これを変えたいというのが開発チームの長期的な目標。ver1.2で導入された自律的な民間投資システムでは、

  • 建設力が経済システムで定められた割合で政府用民間用に分配される。例えば建設力が200あれば、伝統経済では75%が政府用、25%が民間用に割り当てられるので150/50となる。干渉経済では100/100。一方で使いきれず余っている分はもう一方で利用できます。
  • 民間用の建設力でなにが作られるかはAIが決める。建設の費用(鉄などの購入費)は国庫を経ず投資プールから直接支払われる。建設費が投資で賄えないときは民間の建設は止まる。
  • 投資プールは民間建設の支払いに当てられるようになった分、プレイヤーが建てているものには支払われなくなった。
  • 経済システムによっては投資プールへの上納にボーナスが付くので、税金として徴収して政府が建設するより効率的かも。しかしGDPが巨大な国では投資にマイナス補正がかかるのでそうでもないかも。
511/511は総建設力と使用中の建設力。民間/政府の配分は表示されないのでわかりにくい。
下から見ていって、再投資は投資のこと。まぎらわしい。
新規資材は建設費としての支出のこと。その差し引きが週間変化
いまは投資プールに余裕があるが、プール分がゼロになると投資(再投資)の範囲でしか民間建設が行われなくなる。

プレイングにどんな影響があるか

建設力が分散されるので開始直後に限られた建設力で重要な施設を揃えたいシーンで時間がかかるようになりました(ベース建設力5のみのときには民間建設は始まらないようです)。その代わり早い段階からPOPの資力を利用できます。

中盤以降は自動拡張のオート版と考えればまあ付き合えなくもないです。ただ施設をあちこちに乱立するので施設リストが激しく間延びする。また生産方法を調整するのはプレイヤーなのでその面倒さもある。

もう少し深掘りして考えてみる

建設力の配分の上限は決まっていますが、実際に使用する割合は変動します。どの経済システムを使っていても、政府が一切建てなければ民間が建設力を100%使えるし、民間に十分な資金がなければ政府が100%に近い割合を使うことになります。これは特に資本家POPが育っていない序盤で起きます。そのせいで政府の収支が乱高下しやすい。

レッセフェールを採用した場合は減税して建設は民間に任せるほうが良いのか?実は投資は各施設の利益から源泉徴収されるため増減税の影響を受けません。またレッセフェールによる資本家と貴族の投資ボーナス(拠出した額が1.25倍されてプールされる)もGDP規模に伴うマイナス係数に比べれば小さい(GDP1000Mで0.6倍)。
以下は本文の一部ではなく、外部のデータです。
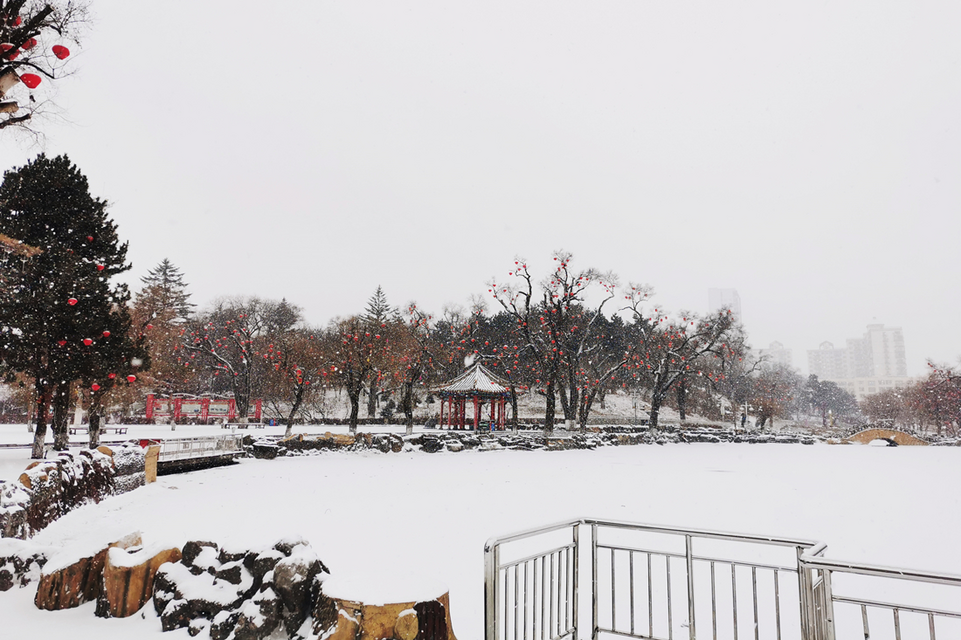 公园里的雪景图片图片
つまり民間投資を十分に生かせるのは、GDPがあまり大きくないが資本家が育っている西洋の中小国か、人口が多すぎて徴税力が全く足りていないインドや清、序盤のオーストリア、トルコあたりということになりそう。封建的な貴族社会のインドや清でレッセフェールを採用できるのは中盤以降ですが……
GDPが700Mを超えたあたりでは司令経済にしたほうが良いかも。

バランスを考えると超大国の独走を難しくするために建設力の規模ペナルティでもつけたほうがいいと思いますが、そのくらいはすでに検討されてそう。

他の欠点

民間建設AIはすでにキューに入っている施設やインフラは考慮しますが、それ以上の戦略性がないので、建ててほしくないところ、たとえば住民をすべて鉛鉱山で働かせたい州にもいろいろ建てます。

また何らかの理由で雇用が行われない施設でも生産物の価格が高いと平然と増設します。この辺はいずれ調整されるかも。趣旨は面白いのですが、欠点も多く、気に入らなければゲームルールの設定で1.1以前の仕様で遊ぶことも可能です。

経済以外の変更点

  • 日本語訳がかなり洗練されました。表示が狂っていたり意味が破綻していたところも8割以上正しくなっています。
  • 動乱状態の州では建設が大幅に遅れるようになりました。布告での鎮圧や警察の重要性が増しました。
  • 奴隷解放しても貴族層は奴隷制度への欲求を失わなくなりました。内戦で奴隷主義者を打倒したほうが早い…ように思えましたがそうでもなかった。奴隷制やその他の争点で内戦に勝っても自動的にその法律が通るわけではないため。
  • 外交プレイ(新しい訳だと外交戦)ができない場合、その理由があるていど明示されるようになりました。
  • 外交プレイで撤退した場合に飲ませられる要求(一次要求)を増やすことができるようになりました。つまり戦争の脅しで複数の州を割譲させることが可能になりました。
  • 軍の装備を変えた場合、いままではどの装備でも-75%の懲役1年が厳しすぎましたが、主装備が-80%、その他の装備なら-20%(いずれも1年)と調整されています。
資源マップ。これは鉄。以前は表示できなかったはず。